You might have heard the story about the black crepe mourning bands worn by London fellows after the death of Sherlock Holmes in the pages of The Strand Magazine. It's not documented well enough for a few skeptics out there, but personally, I believe it has some roots in truth, even if it was only one guy, and the story grew as it was retold over the years. Sherlock Holmes fans existed in 1893, and some of them were certainly upset to see him go.
So, one can understand that someone somewhere surely had a reaction strong enough to pull out the black crepe mourning band for a day.
We now know, of course, that Conan Doyle was lucky.
Listening to an interview with comic book writer Dan Slott last night, telling of death threats and bodyguards immediately after a comic book came out where Peter Parker died and Dr. Octopus took over his body and life, I couldn't help but think of Conan Doyle. The Peter Parker death was in a comic book, with decades of history of superheroes dying and coming back as a prelude, so you'd think it wouldn't have been a thing. But it was. And Conan Doyle, with his ground-breaking serial detective, had no such foreshadowing. What was different in the 1890s?
No social media.
No immediate reactions shared with the world. No pundits trying to fill air-time by saying Doyle was imposing his beliefs in chaos by killing a champion of law and order. No legions of fellow fans who experienced that Reichenbach moment at exactly the same time as you -- since your home probably only had one copy, even family members could not fully sympathize until twenty minutes later after they had read it. Even the craziest of fans might have had time to cool down a bit.
And given that any death threats had to actually make it into an envelope, into a mailbox, and to Conan Doyle's hands, well, plenty of additional time to cool down there. By the time Doyle wrote his memoirs in Memories and Adventures, the worst he could recall was some lady addressing him as "You brute!" Maybe there were worse letters. The subscriptions drop that The Strand Magazine experienced definitely indicated some strong feelings on the matter. Perhaps the equivalent threats to those a writer like Dan Slott got in 2012 did happen, they just weren't spread beyond Doyle's dustbin.

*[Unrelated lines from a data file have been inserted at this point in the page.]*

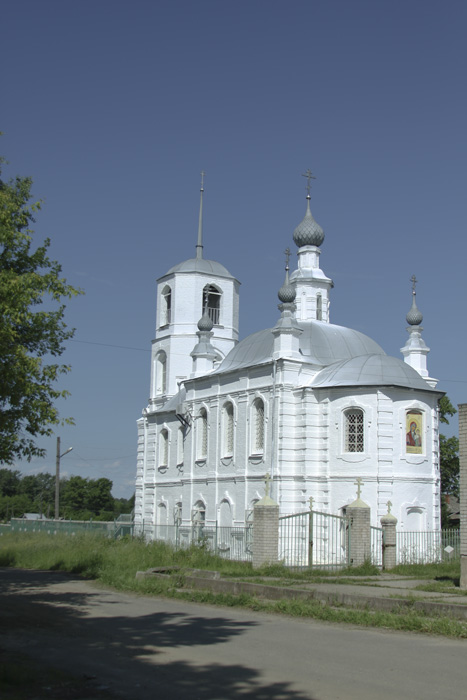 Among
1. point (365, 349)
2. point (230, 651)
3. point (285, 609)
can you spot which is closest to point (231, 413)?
point (365, 349)

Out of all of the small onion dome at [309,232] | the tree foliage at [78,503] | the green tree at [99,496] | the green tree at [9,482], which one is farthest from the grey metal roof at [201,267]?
the green tree at [9,482]

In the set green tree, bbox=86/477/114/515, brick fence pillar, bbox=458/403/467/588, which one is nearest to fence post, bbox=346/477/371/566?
brick fence pillar, bbox=458/403/467/588

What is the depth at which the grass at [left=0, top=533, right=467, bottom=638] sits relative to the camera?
12148 mm

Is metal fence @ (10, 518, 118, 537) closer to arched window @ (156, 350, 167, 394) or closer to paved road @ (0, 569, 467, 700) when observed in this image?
arched window @ (156, 350, 167, 394)

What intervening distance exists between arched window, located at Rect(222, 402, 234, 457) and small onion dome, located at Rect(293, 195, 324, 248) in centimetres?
913

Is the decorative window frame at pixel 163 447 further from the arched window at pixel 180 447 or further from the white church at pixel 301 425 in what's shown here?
the arched window at pixel 180 447

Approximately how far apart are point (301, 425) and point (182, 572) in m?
13.2

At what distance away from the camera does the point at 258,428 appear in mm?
32125

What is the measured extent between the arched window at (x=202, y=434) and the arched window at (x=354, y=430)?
8.12 m

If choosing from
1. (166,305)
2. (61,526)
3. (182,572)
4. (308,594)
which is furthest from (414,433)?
(166,305)

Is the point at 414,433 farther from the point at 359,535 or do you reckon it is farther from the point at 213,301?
the point at 213,301

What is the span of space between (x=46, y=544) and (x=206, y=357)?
45.2ft

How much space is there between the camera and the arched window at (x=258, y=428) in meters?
32.0

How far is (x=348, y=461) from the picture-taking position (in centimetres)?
2931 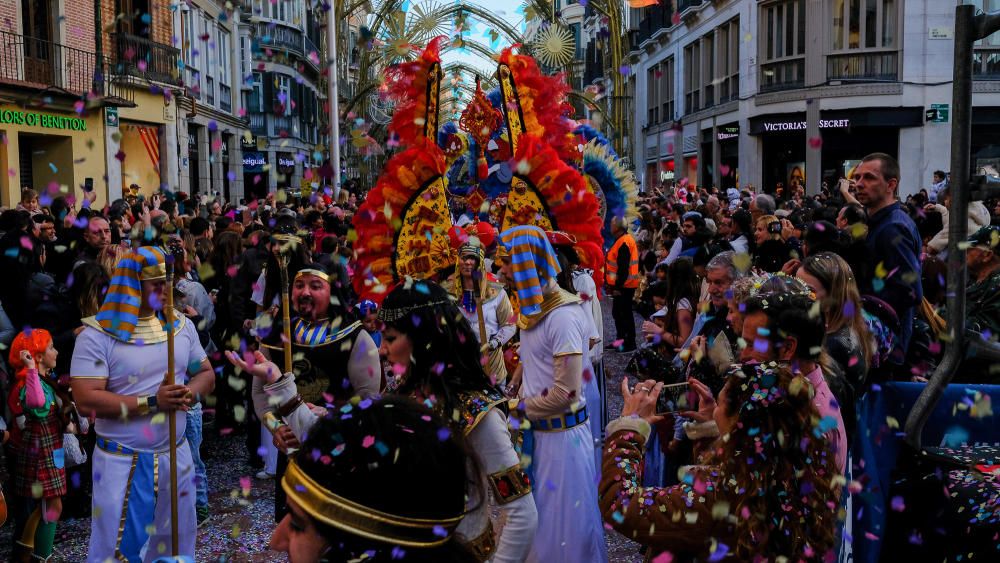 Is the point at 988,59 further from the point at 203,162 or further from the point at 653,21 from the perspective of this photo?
the point at 203,162

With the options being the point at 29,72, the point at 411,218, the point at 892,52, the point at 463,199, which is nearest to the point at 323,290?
the point at 411,218

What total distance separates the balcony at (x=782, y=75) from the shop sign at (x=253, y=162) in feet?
69.2

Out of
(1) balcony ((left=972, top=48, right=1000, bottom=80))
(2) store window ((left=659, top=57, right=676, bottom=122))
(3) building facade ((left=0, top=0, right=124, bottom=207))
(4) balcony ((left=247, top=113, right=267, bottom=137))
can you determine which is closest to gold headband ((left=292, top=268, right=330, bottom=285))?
(3) building facade ((left=0, top=0, right=124, bottom=207))

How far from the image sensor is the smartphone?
14.9ft

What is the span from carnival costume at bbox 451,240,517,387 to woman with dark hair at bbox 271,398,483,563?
4.31m

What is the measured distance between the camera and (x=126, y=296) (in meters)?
4.04

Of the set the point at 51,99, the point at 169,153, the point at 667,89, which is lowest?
the point at 169,153

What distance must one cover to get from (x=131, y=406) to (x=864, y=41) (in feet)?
77.4

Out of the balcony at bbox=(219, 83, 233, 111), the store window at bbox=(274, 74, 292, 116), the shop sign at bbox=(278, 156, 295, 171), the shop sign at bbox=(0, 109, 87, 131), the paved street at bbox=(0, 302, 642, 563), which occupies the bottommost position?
the paved street at bbox=(0, 302, 642, 563)

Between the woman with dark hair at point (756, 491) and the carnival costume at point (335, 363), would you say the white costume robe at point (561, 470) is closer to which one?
the carnival costume at point (335, 363)

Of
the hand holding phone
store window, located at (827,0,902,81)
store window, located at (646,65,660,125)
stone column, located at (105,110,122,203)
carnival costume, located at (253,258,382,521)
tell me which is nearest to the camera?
the hand holding phone

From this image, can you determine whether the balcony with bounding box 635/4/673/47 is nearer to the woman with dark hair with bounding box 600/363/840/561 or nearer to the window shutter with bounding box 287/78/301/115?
the window shutter with bounding box 287/78/301/115

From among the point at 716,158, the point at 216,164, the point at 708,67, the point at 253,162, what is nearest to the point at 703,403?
the point at 716,158

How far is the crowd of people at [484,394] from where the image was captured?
1.72 meters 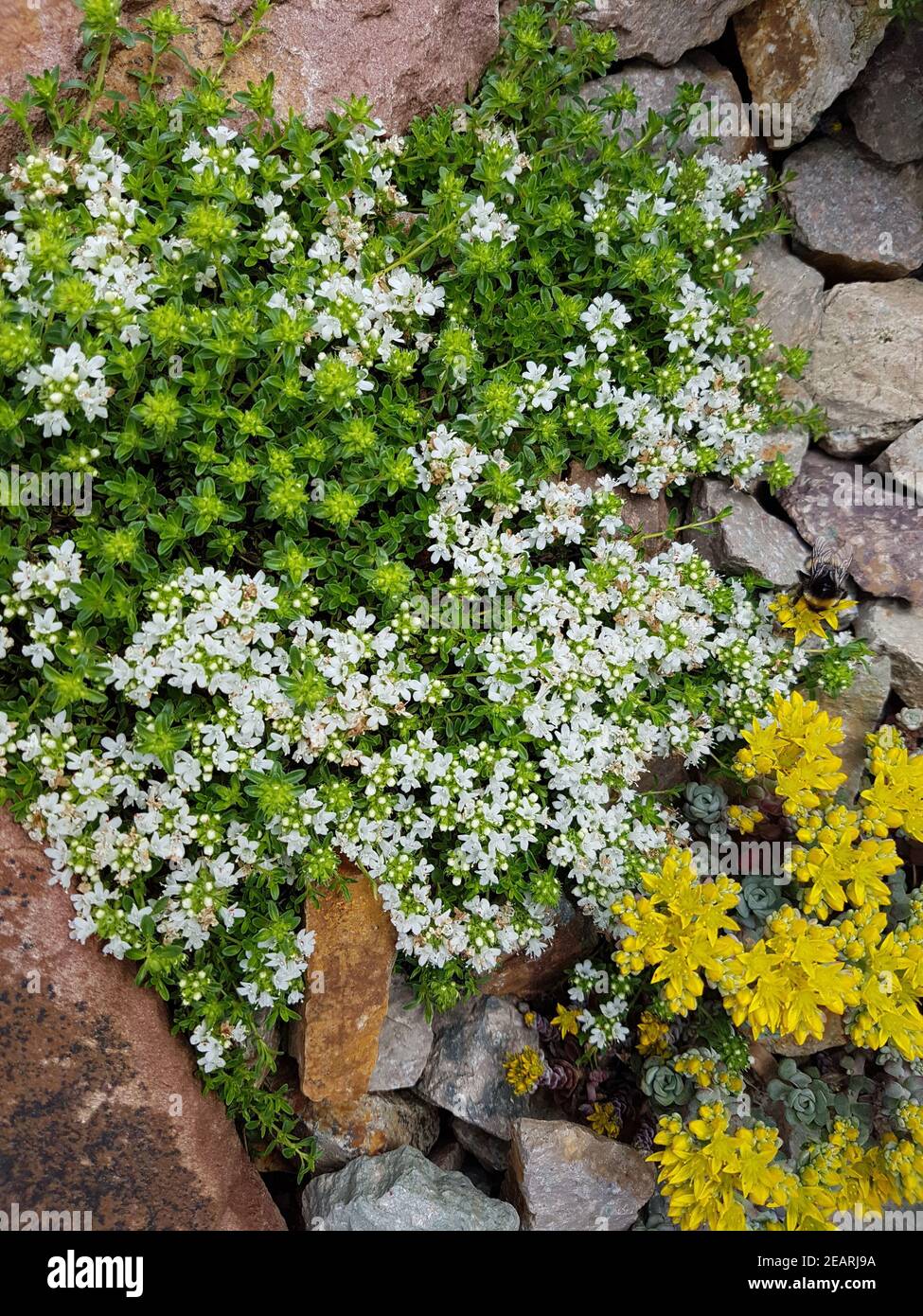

I often wonder how Sir Arthur would fare in the world we find ourselves in today. He was an active, involved sort of man, and would definitely have raised some strong opinions far beyond those resulting from just killing Sherlock Holmes only to bring him back later. But it's probably better for us if we don't do a "Bill and Ted" and get him into a time machine to current times. (Should I have said a "Time after Time?" I fear that film is losing its currency among our younger peers. Bill and Ted at least got a recent sequel.) Someone of us would surely be unhappy with him.
At least he would have probably been pro-vaccine, being a doctor and all . . . though that has gotten at least one doctor some death threats in the last year. And would the FBI count orange pips as a credible threat, or just a fan thing?
Who knows? It's definitely been a long road from 1893 to 2021.